As if the umpteen stadium and arena battles ongoing in California needed more drama, the state’s supreme court handed down this yesterday:
The court ruled unanimously in favor of a state law passed last summer that abolished redevelopment agencies and voted 6 to 1 to strike down a companion measure that would have allowed the agencies to continue if they shared their revenues.
More than 400 redevelopment agencies will cease to exist after Feb. 1. Authorized by law since 1945, the agencies have been responsible for such success stories as Old Pasadena and San Diego’s Gaslamp Quarter but also plagued by projects that some argued had little public benefit.
First, some brief backstory: After Gov. Jerry Brown declared his intentions earlier this year to stop allowing city redevelopment agencies to siphon off property tax proceeds for local development projects, the state legislature offered a compromise of sorts: If RDAs would cut the state in on a share of the boodle, they’d be allowed to continue. Yesterday’s court ruling struck down that deal, saying that while the state could shut down RDAs it couldn’t attach strings to them; and so, as of a month and two days from now, all RDAs will cease to exist. (Ironically, the court was ruling on a lawsuit filed by a bunch of cities and their RDAs, which were trying to knock down only the piece of legislation that would eliminate RDAs, not the one that would allow them to continue. Whoopsie.)

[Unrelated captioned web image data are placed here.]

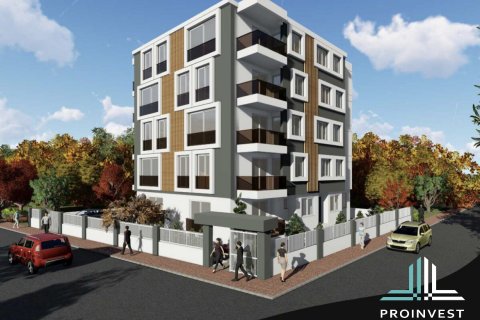 Продажа квартиры  в Анталье, Турция 2+1, 85м2, №53565 – фото 1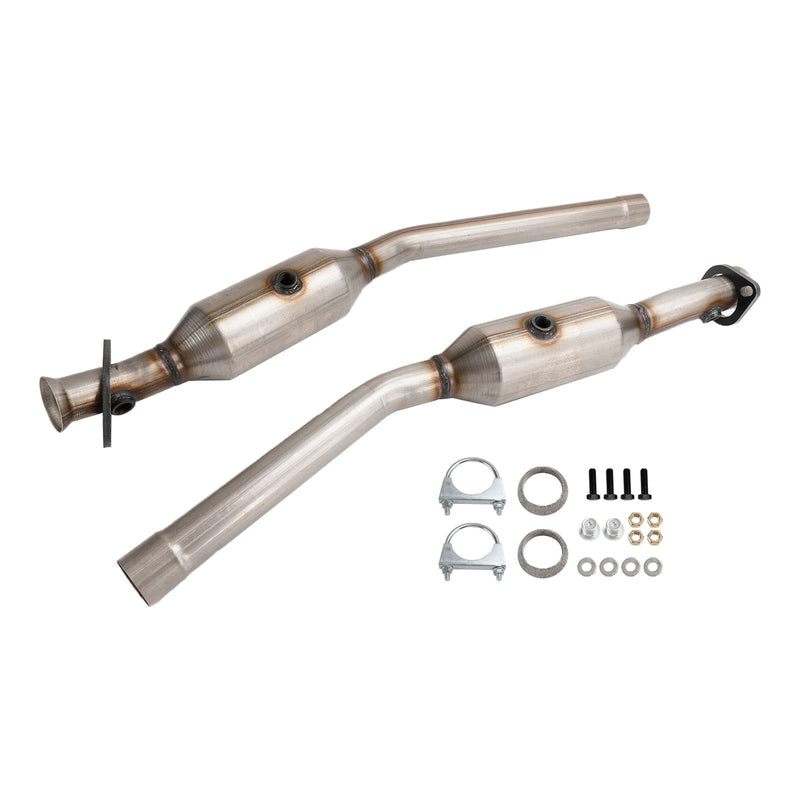Right & Left Side Catalytic Converters For Ford Mustang 4.0L 2005-2010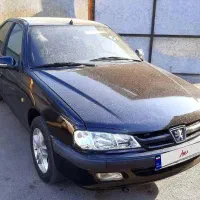 پژو پارس tu 5 مدل ۹۵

This is big news for the sports world because, as you might imagine, cities have been thrilled to hand out development dollars when it’s not really their money they’re spending. (While technically RDA spending is just a straight-up TIF — any new tax revenue gets diverted to pay for the project — in practice, at least according to Brown, the state has ended up filling the gaps in school spending and other local services that have resulted.) So pretty much every sports construction project now underway or in the planning stages in California has involved RDAs, which means many of them may now be in jeopardy.
A quick scorecard, from north to south:
- Oakland’s Victory Court plan for an A’s stadium appears to now be out the window, since that relied on an RDA-based TIF. However, its second “Coliseum City” plan for the A’s and Raiders could still move ahead, according to Newballpark.org, as Oakland’s existing stadium site is “part of a separate joint-powers agreement which allows the Coliseum Authority to raise money for its own projects.”

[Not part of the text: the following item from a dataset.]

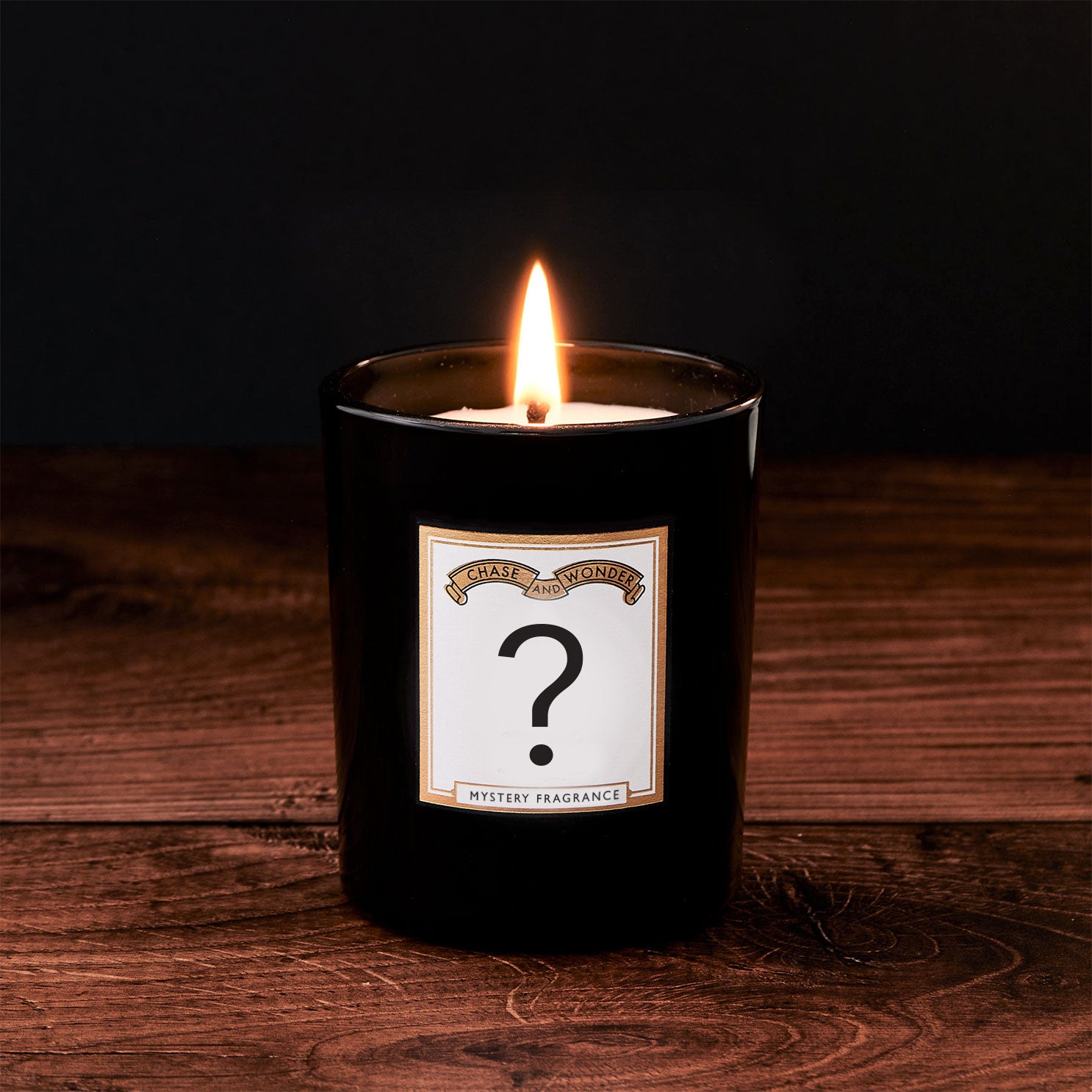 A festive treat is yours - enjoy this complimentary mystery candle worth £40.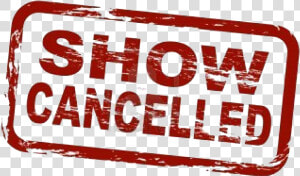 Event Cancelled Canceled Png  Transparent Png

- Any thoughts of moving the Golden State Warriors to a new arena in San Francisco will likely be hampered by the ruling.
- Santa Clara’s stadium funding was thought to be already in place — barring a last-minute petition drive — but $40 million of that was supposed to come from the city’s RDA, which now must turn it over to the state instead. (I’m not clear on what happens to the $4 million the city RDA already pre-paid to the 49ers last March.) That’s not a huge sum to be made up on a $1 billion project, but given how the whole financing plan is already held together by spit and baling wire, you never know what could turn out to be its striped bass.

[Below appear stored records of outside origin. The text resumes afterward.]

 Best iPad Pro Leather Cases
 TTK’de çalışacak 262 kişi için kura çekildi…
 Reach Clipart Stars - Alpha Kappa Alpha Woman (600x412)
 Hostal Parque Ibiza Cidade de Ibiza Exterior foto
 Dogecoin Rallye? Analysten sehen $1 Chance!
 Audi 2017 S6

- San Jose’s RDA already completed its part in the city’s proposed A’s stadium plan, giving team owner Lew Wolff an option to buy RDA-owned land for the project last month. Yet a lawsuit filed earlier this month by the Giants-funded Stand For San Jose charges, among other things, that San Jose illegally jumped the gun by agreeing to sell the land before going before a public vote; if a court agrees, then San Jose could be forced to go back and hold a referendum before selling the land — except at that point the RDA would no longer exist to do the sale.
- AEG’s downtown Los Angeles football stadium project would use a TIF, but it seems that it’s one that doesn’t require an RDA. (I think this is because rather than actually redirecting the money, the city would just be totaling up the new tax benefits and hoping they’re enough to pay off the stadium bonds, but don’t quote me on that.) Still, this could give a minor boost to Ed Roski’s City of Industry stadium plan in the race for first place among L.A. stadium plans that don’t have a snowball’s chance in hell of getting approved by the NFL or attracting an existing team owner.
- The San Diego Chargers, whose stadium chief previously said that without RDA money, their stadium plans are “done, finished,” are indeed completely hosed. But they kind of knew that already.
In any case, before anyone gets too excited about it being a new day in Baltimore, the state legislature — which, you’ll recall, started off this whole mess by trying to save RDAs while reclaiming a share of their money — can always pass new legislation reestablishing some form of local redevelopment agencies. This being the California state legislature, of course, that will inevitably be a long and painful process — which is why I told the San Diego Union Tribune that my prediction is for “gridlock,” as team owners wait to see how the new world order shakes out.
The interesting bits here in the short run will be how the 49ers (and, if necessary, the A’s) handle the potential new speed bumps in their stadium campaigns. More news to come in the new year, I’m sure.